- Starring: Sebastian Clovis Sabrina Smelko (2016-2019) Samantha Pynn (2020-2021)
- Country of origin: Canada
- Original language: English
- No. of seasons: 4

Production
- Running time: 30 minutes

Original release
- Network: HGTV Canada
- Release: 26 August 2014 – 2021

= Save My Reno =

Save My Reno is a Canadian television series featuring contractor Sebastian Clovis, a former Canadian Football League player, and designer Samantha Pynn helping homeowners complete needed renovations on a limited budget.

The series premiered in 2014 under the title Tackle My Reno, featuring Clovis assisting homeowners with renovations on his own. A single season was produced before the show was relaunched in 2016 as Save My Reno, with Clovis and Sabrina Smelko hosting the retooled show as a duo; after two seasons, Smelko left the show, with Pynn replacing her when the third season aired in 2020.

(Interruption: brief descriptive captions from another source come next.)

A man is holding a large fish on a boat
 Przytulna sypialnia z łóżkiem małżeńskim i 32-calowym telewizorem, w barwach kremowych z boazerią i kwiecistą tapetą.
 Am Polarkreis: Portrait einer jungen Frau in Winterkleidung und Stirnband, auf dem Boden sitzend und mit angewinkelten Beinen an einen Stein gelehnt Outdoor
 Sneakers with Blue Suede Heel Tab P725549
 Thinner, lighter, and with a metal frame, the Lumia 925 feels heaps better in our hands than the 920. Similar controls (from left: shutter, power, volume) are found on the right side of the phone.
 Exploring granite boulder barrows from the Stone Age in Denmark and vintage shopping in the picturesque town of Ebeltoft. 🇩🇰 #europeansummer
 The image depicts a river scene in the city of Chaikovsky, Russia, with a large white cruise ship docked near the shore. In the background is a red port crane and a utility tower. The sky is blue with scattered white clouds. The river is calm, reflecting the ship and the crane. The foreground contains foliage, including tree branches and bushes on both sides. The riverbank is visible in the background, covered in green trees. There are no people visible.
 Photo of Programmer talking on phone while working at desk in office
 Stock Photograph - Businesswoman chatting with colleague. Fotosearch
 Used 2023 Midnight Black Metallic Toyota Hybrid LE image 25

Following a fourth season in 2021, the show ended and Clovis launched the new series Gut Job. Unlike the format of Save My Reno, in Gut Job Clovis works with a variety of different designers on different projects rather than a single consistent co-host, although Pynn has appeared as the designer on some episodes of the show.

==Broadcast==
The series premiered on HGTV Canada in Canada on 26 August 2014 with two episodes airing back-to-back each week.

Internationally, the series premiered in Australia on 21 August 2015.